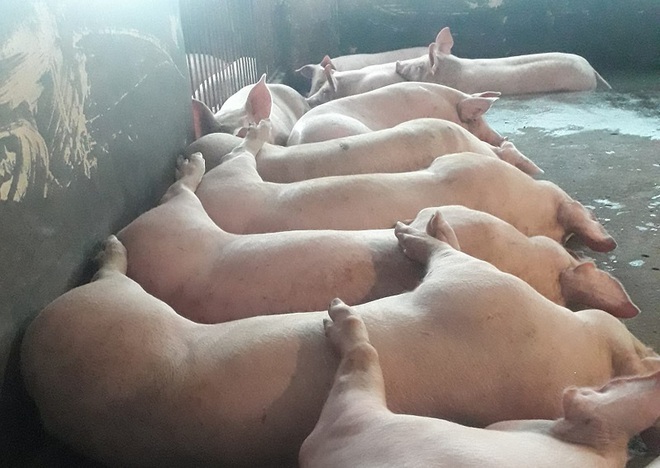 Xuất bán đàn lợn lỗ ngay hơn 30 triệu, người vay nợ xót xa vì đàn lợn đang ăn mất sổ đỏ - Ảnh 1.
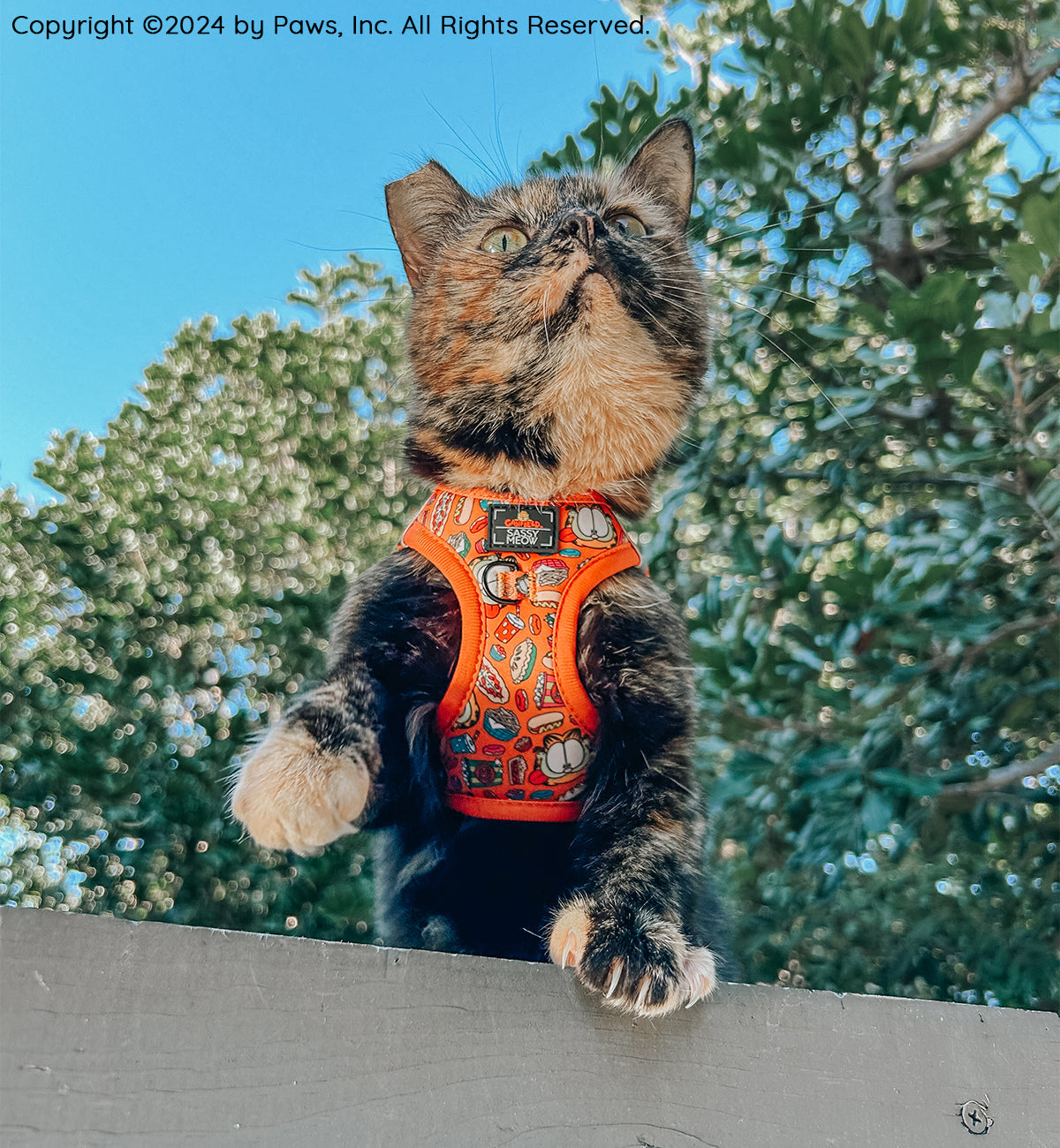 Cat Step-In Harness - Garfield™️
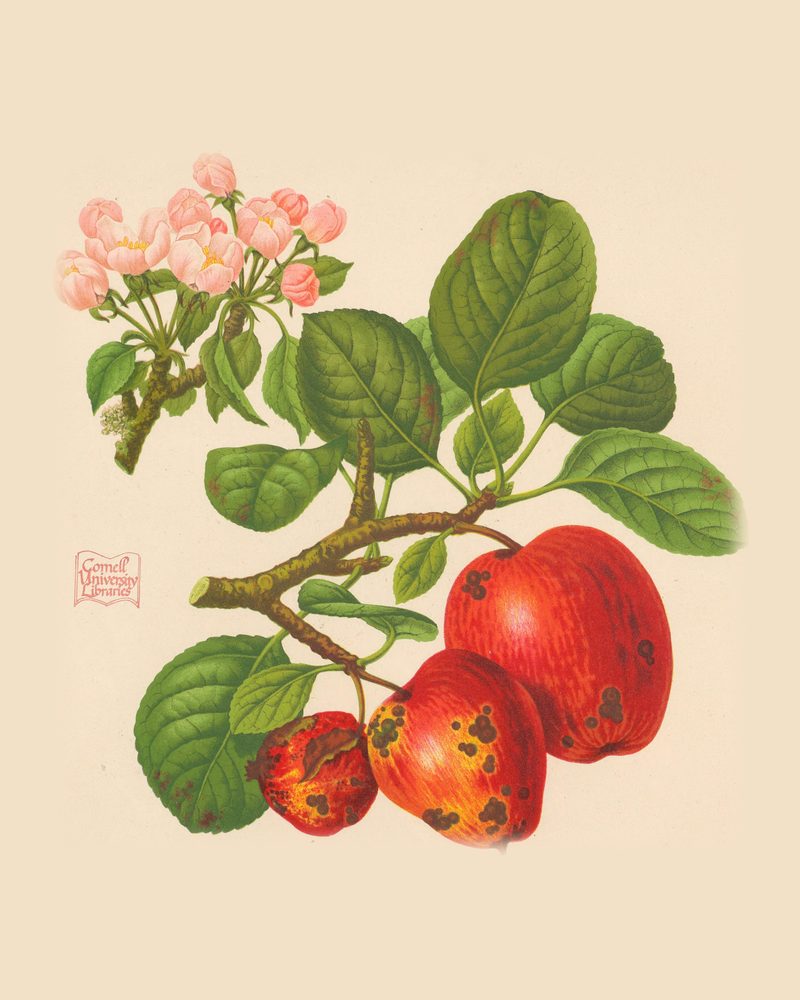 Foxwhelp: historic illustration, The Herefordshire Pomona, vol. 1, plate I (Woolhope Club, 1876–85)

▬▬▬▬▬▬▬▬▬▬

__Exercise goal__. The answer should be the full material above, printed exactly, with no pictures in it.

__Task answer__.
 Xuất bán đàn lợn lỗ ngay hơn 30 triệu, người vay nợ xót xa vì đàn lợn đang ăn mất sổ đỏ - Ảnh 1.
 Cat Step-In Harness - Garfield™️
 Foxwhelp: historic illustration, The Herefordshire Pomona, vol. 1, plate I (Woolhope Club, 1876–85)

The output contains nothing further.